NZ Herald review: The Unusual Silence concert

Voices NZ Chamber Choir led by the world-renowned conductor Karen Grylls




The Unusual Silence, Voices New Zealand Chamber Choir’s WWI commemoration, was a powerful and reverberant experience in the marble halls of Auckland Museum.


Acoustics weren’t kind to the immaculate tonal balance conductor Karen Grylls always draws from this choir but they added dramatic punch to two works looking beyond the 1914-18 conflict.

Jaakko Mantyjarvi’s Canticum Calamitatis Maritimae lamented the 1994 sinking of MS Estonia with muttered Latin, jagged textures and the primal force of Pepe Becker’s soprano. Closer to home, Jenny McLeod’s 1984 Dirge for Doomsday raised the nuclear spectre with massive choral reiterations and a grimly ironic snatch of waltz.

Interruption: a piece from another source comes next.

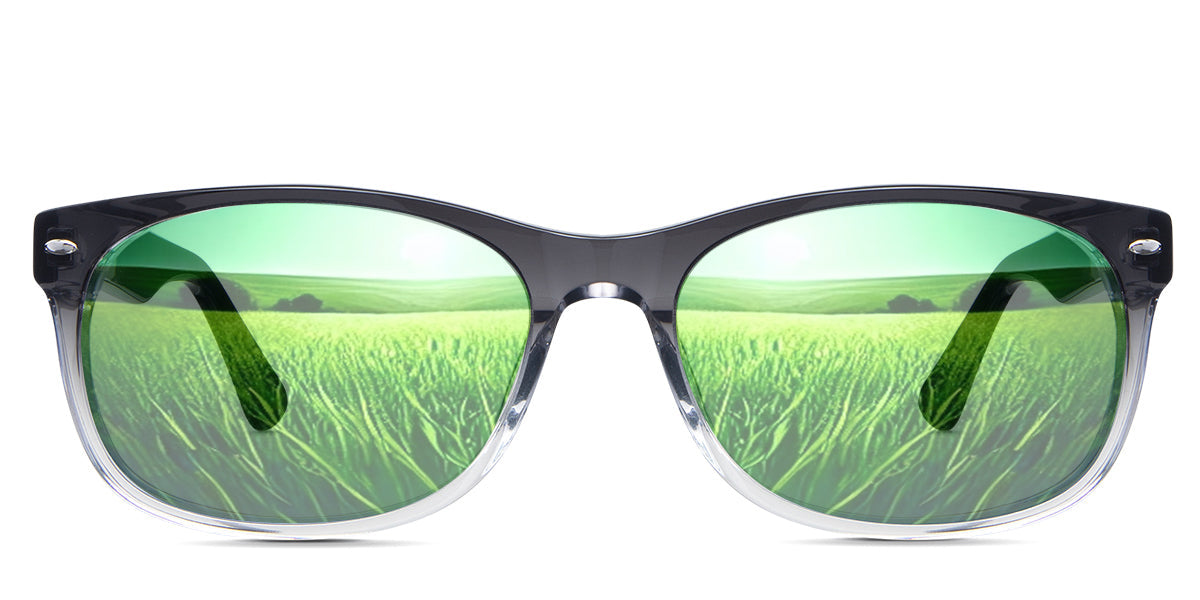 Men's Prescription Tinted Sunglasses - UV Protection & Polarized Lenses for Driving, Fishing & Outdoor Activities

Director Stuart Maunder’s inclusion of popular songs, including a haunting Jerome Kern ballad, worked better than the variably effective readings from the singers.

But Victoria Kelly’s specially commissioned The Unusual Silence gave the performance its title and emotional core. The composer’s carefully culled texts offered a 16-minute spiritual immersion, passionately delivered by Voices NZ and a contingent of young men from three Auckland secondary schools.

This was a virtuoso turn from Kelly, travelling from brutal listings, instructions and searing clusters to the madrigalian beauties of the third movement, with a thundering climax that would have fitted well into soundtrack of Lars von Trier’s apocalyptic movie Melancholia.